By the way - in this file, all the private tags seem to have standard DICOM types, not UN:
[ins] In [20]: from dicom_parser.data_elements.private_data_element import (
...: TAG_TO_DEFINITION as PRIVATE_TAG_TO_DEFINITION,
...: )
raw = pydicom.read_file('func_vol.dcm')
[ins] In [15]: for tag in PRIVATE_TAG_TO_DEFINITION:
...: print(raw.get(tag))
...:
(0019, 100a) [NumberOfImagesInMosaic] US: 28
(0019, 100b) [SliceMeasurementDuration] DS: "22.5"
None
None
None
(0019, 1028) [BandwidthPerPixelPhaseEncode] FD: 43.403
(0019, 1029) [MosaicRefAcqTimes] FD: Array of 28 elements
(0029, 1010) [CSA Image Header Info] OB: Array of 12336 elements
(0029, 1020) [CSA Series Header Info] OB: Array of 137968 elements
What about something like this?
diff --git a/src/dicom_parser/utils/siemens/private_tags.py b/src/dicom_parser/utils/siemens/private_tags.py
index 14eca1b..3db3fa0 100644
--- a/src/dicom_parser/utils/siemens/private_tags.py
+++ b/src/dicom_parser/utils/siemens/private_tags.py
@@ -58,8 +58,9 @@ def parse_siemens_gradient_direction(value: bytes) -> list:
return [float(value) for value in list(array.array("d", value))]

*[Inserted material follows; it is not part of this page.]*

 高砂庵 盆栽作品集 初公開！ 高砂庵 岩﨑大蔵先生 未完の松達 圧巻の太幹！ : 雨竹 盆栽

-def parse_siemens_number_of_slices_in_mosaic(value: bytes) -> int:
- return int.from_bytes(value, byteorder="little")
+def parse_siemens_number_of_slices_in_mosaic(value: [int, bytes]) -> int:
+ return (value if isinstance(value, int) else
+ int.from_bytes(value, byteorder="little"))

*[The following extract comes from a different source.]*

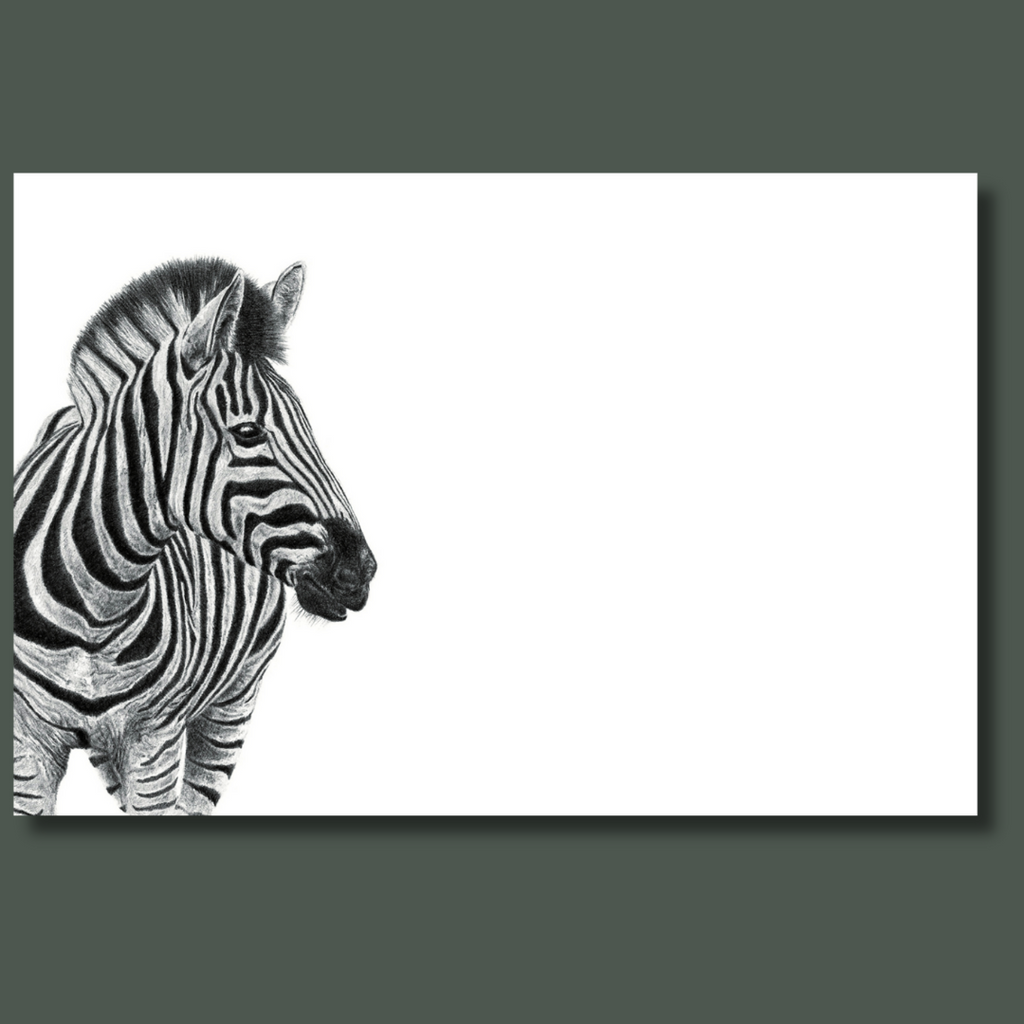 Zebra portrait wildlife artwork on canvas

def parse_siemens_b_matrix(value: bytes) -> np.ndarray:
@@ -185,8 +186,10 @@ def nearest_pos_semi_def(b_matrix: np.ndarray):
return np.dot(vecs, np.dot(np.diag(scalers), vecs.T))

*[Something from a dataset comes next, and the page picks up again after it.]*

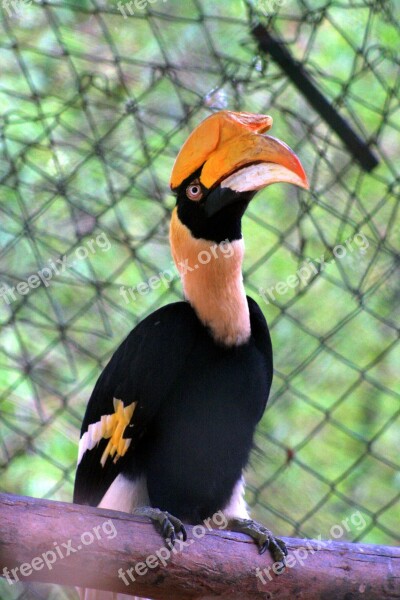 Double Hornbill Parrot Bird Exotic Bannerghatta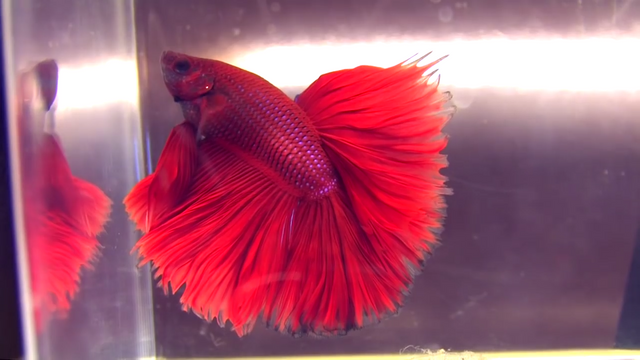 betta.png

-def parse_siemens_bandwith_per_pixel_phase_encode(value: bytes):
- return array.array("d", value)[0]
+def parse_siemens_bandwith_per_pixel_phase_encode(
+ value: [float, bytes]):
+ return (value if isinstance(value, float) else
+ array.array("d", value)[0])
I think I might have something a little more general in mind. I'll give it a go and update. Pooch looks perfect.
Then:
Investigating a little, it appears that the code is expecting that the contents of
self.series_header_info
is a parsed CSA structure, but in this case, it is just a sequence of bytes, hence the error.I'm sorry, I would have investigated more, but it's 00:30 here, and I have a grant report deadline tomorrow!